Top of EXERCISE DATA
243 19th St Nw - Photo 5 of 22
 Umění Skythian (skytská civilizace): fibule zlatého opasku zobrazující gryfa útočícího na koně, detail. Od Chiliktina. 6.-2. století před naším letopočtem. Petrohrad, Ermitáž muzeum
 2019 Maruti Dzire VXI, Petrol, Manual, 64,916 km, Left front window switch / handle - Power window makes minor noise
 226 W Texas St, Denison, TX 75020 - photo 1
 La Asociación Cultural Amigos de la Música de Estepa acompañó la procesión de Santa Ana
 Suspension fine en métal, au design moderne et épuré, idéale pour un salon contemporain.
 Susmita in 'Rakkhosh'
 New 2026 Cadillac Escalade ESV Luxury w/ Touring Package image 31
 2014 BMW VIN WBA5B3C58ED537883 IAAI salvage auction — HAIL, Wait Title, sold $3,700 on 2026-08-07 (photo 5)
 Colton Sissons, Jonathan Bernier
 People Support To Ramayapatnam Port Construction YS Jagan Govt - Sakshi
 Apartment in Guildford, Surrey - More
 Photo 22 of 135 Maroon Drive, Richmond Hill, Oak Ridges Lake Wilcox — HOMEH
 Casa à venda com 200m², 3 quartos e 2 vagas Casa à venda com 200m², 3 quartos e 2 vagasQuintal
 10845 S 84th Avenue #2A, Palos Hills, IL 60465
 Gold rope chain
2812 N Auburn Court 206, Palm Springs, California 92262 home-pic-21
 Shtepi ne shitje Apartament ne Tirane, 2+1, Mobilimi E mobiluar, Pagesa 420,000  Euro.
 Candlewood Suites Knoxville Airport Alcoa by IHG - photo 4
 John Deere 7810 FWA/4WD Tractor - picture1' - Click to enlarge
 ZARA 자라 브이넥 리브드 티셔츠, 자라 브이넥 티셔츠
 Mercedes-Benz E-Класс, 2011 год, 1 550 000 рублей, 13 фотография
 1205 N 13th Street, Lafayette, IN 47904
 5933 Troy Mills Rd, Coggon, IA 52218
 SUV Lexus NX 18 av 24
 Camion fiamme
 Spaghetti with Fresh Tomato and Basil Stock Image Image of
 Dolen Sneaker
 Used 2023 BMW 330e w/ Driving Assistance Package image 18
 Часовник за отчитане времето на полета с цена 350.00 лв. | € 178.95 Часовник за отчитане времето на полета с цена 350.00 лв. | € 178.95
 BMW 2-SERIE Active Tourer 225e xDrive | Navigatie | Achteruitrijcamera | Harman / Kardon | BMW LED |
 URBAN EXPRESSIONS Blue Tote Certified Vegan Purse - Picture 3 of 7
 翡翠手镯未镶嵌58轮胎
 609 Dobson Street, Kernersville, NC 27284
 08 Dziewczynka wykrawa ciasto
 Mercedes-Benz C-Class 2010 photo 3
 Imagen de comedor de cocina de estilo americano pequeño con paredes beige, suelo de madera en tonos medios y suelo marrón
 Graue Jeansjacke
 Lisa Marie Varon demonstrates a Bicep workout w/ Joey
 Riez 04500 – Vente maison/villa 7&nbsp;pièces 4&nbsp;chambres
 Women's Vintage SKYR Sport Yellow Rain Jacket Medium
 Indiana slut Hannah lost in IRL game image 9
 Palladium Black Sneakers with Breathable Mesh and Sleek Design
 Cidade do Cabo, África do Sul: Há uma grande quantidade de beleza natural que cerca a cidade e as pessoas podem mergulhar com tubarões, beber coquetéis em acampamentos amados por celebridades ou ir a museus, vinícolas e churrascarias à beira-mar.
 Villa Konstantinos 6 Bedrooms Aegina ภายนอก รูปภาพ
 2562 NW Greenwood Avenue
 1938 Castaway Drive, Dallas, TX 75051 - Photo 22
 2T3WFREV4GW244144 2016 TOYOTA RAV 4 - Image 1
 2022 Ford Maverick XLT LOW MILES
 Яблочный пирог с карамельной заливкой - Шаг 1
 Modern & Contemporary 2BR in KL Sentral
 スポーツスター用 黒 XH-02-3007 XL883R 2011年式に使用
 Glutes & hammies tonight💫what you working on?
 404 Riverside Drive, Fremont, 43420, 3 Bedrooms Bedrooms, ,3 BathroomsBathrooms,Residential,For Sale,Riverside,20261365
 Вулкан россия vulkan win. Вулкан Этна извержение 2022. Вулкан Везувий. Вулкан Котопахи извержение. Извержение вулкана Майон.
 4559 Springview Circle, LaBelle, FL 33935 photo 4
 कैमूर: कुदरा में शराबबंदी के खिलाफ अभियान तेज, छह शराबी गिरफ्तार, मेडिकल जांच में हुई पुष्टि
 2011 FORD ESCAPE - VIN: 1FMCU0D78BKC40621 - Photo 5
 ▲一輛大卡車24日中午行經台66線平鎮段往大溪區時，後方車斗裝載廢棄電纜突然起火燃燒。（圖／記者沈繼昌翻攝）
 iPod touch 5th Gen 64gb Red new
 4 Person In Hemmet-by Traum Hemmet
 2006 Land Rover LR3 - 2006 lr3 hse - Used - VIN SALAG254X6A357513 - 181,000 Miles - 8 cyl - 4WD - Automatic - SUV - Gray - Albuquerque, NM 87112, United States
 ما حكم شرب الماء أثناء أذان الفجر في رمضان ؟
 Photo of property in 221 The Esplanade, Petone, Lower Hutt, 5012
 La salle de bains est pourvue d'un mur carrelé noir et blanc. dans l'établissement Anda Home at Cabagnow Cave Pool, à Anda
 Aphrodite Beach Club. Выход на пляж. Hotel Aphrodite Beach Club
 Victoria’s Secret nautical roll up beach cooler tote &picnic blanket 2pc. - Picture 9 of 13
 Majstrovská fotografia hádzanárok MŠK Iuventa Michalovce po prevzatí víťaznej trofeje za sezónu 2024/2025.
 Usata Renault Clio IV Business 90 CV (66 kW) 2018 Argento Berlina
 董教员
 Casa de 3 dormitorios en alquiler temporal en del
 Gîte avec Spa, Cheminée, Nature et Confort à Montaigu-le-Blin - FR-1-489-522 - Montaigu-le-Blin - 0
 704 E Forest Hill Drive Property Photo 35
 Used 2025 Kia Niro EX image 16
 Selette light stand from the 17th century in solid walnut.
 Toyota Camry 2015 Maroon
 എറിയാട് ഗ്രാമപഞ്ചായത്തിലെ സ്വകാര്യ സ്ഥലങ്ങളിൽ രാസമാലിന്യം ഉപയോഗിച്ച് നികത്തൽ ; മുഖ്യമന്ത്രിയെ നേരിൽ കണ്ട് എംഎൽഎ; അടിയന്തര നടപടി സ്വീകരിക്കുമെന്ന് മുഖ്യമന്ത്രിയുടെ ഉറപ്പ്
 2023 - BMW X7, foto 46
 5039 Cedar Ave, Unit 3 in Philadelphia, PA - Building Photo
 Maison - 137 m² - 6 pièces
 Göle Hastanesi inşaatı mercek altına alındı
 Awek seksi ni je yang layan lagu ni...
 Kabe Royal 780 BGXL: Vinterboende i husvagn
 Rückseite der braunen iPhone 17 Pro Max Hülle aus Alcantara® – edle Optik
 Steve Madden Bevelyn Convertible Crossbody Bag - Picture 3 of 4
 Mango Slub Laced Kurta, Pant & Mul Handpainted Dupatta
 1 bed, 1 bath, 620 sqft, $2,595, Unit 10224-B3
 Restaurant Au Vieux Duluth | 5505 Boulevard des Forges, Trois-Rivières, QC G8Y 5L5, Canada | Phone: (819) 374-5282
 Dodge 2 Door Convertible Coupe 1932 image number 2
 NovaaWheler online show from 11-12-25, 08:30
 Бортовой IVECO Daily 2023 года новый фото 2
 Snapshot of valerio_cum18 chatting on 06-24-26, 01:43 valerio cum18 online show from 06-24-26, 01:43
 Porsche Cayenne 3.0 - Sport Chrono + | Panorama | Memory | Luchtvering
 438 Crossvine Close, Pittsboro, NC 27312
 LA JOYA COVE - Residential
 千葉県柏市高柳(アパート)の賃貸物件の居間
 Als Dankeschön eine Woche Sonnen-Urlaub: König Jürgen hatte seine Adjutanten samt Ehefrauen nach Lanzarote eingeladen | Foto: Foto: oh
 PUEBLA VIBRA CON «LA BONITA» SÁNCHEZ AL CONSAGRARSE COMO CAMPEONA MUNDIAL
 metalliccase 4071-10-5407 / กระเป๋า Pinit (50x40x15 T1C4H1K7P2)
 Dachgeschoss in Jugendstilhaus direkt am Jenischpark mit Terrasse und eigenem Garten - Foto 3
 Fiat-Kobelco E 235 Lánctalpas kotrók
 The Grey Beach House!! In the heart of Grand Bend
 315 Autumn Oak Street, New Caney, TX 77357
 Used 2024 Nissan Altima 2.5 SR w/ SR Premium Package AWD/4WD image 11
Bottom of EXERCISE DATA
DIRECTIONS — Copy the lines from the start of the data verbatim, stopping after the line containing "Umění Skythian (skytská".

ANSWER TO THIS EXERCISE —
243 19th St Nw - Photo 5 of 22
 Umění Skythian (skytská civilizace): fibule zlatého opasku zobrazující gryfa útočícího na koně, detail. Od Chiliktina. 6.-2. století před naším letopočtem. Petrohrad, Ermitáž muzeum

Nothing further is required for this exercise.